Stop Press - Jacobean Card


Taking the painting off the board and scanning it properly makes a lot of difference!

I feel a LOT better about reproducing it now!

* the leaf on the left is a much better shape but needs re-painting

* the fruit above are murky and need re-painting

* I went over the whole of the background with Doc Martens and then with the wash - the patch was showing up pretty badly. (and I'm SO pleased that finally I'm showing what the original actually looks like!)
The patch is now pretty much invisible - but look at the blue tone that's left in the background!
The wash is a lighter tint of the colour used for the base of the big flower at the top - and it sure doesn't look like it with the Dr Martens under it. I'll have to mix a colour and go over it again to make a warmer background. It simply doesn't make friends with all of the olive green and apricot.

Kit is helping me heaps with design/painting decisions - she picked up the blue tone, and gave me advice on the re-painting of the left leaf.

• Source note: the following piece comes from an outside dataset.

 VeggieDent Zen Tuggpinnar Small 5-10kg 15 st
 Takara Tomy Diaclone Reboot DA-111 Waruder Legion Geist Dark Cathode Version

We also discussed the main trunk, which disappears into the main flower, (we'll see, once the main flower is painted) and the stem of another flower 'floating in space'. She has christened the large apricot bud in the centre of the cabbage leaf 'the pod person'. It's a lot of fun discussing the painting with her as I do it.

I have to have Dianne's writing paper printed out by Friday, and I haven't been able to get the matching envelopes yet.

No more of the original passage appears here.